Mix amyloid plaques with longevity and you get mice that not only live longer, but healthier too.

Andrew Dillin wants to increase the human health span—not just years, but healthy years. He believes the secret to preventing many age-related neurotoxic diseases—including Alzheimer's, Parkinson's, and Lou Gehrig's diseases—lies in the body's ability to recognize and sequester improperly folded proteins.

Dillin, an HHMI investigator at the Salk Institute for Biological Studies, has been building a strong case for his misfolded-protein theory. A few years ago, he showed that there are mechanisms in immature worms that can inactivate misfolded, toxic proteins; as the animals age, however, that surveillance system degrades until the aggregation of those proteins leads to disease. Now, he and his colleagues have linked that finding to mice engineered to exhibit Alzheimer's disease. [Prions are a different set of proteins that misfold with different results—see “A Silver Lining.”]
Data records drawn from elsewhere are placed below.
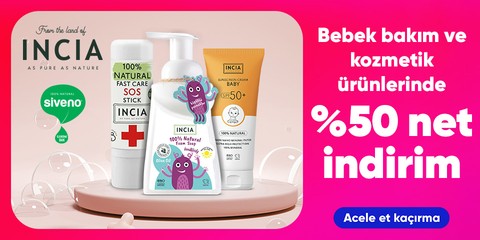 INCIA ve Siveno Bebek Bakım ve Kozmetik Ürünlerinde Net %50 İndirim!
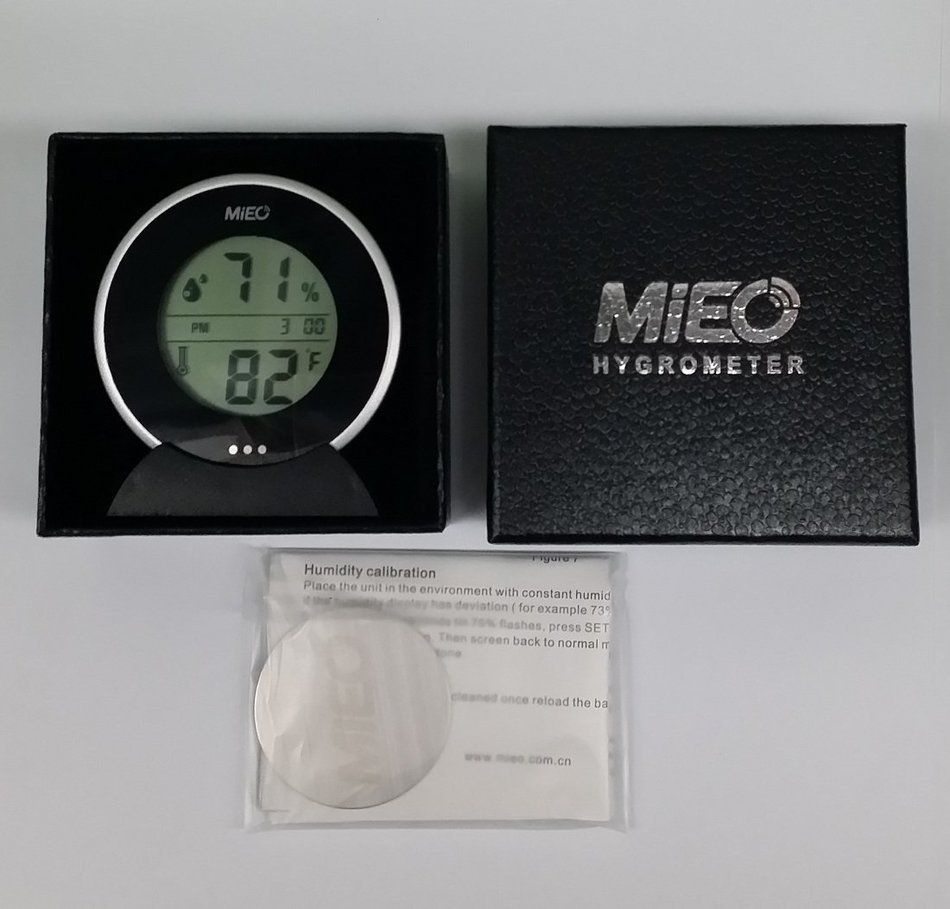 MIEO Round Digital Hygrometer Thermometer for Humidor HH654 with Clock N16
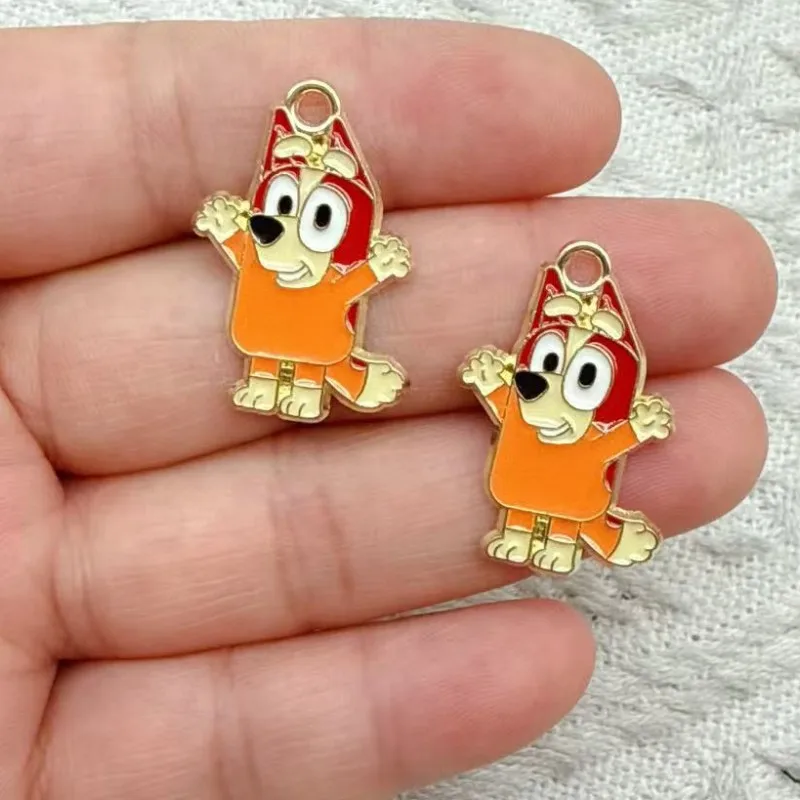 10 Stück Tier-Bingo-Hunde-Dekorationen, niedliche Legierungsanhänger, Anime-Figuren, Kinder-DIY, kreativer Modeschmuck, Accessoires, Geschenk – Detail 3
Amyloid beta, or Aβ, is a misfolded protein that accumulates in the brains of Alzheimer's patients and creates dense plaques that are a hallmark of the disease. When Dillin genetically reprograms mice to have a longer lifespan, they seem to retain the youthful ability to isolate, compartmentalize, and pack away Aβ proteins. The result: plaques that appear similar to those of Alzheimer's but are denser and seemingly benign. Somehow, the surveillance mechanism identifies and secludes the dangerous proteins in a way that older brains cannot.

He began to take a hard look at aging during his postdoc at the University of California, San Francisco. From 1999 to 2002, he studied the genetics of aging in the lab of Cynthia Kenyon, who in 1993 discovered that changing a single gene could double a roundworm's lifespan. Changing the gene, called daf-2, downregulated the insulin/insulin growth factor (IGF) pathway, which is found in organisms from the tiny worm to the largest mammals.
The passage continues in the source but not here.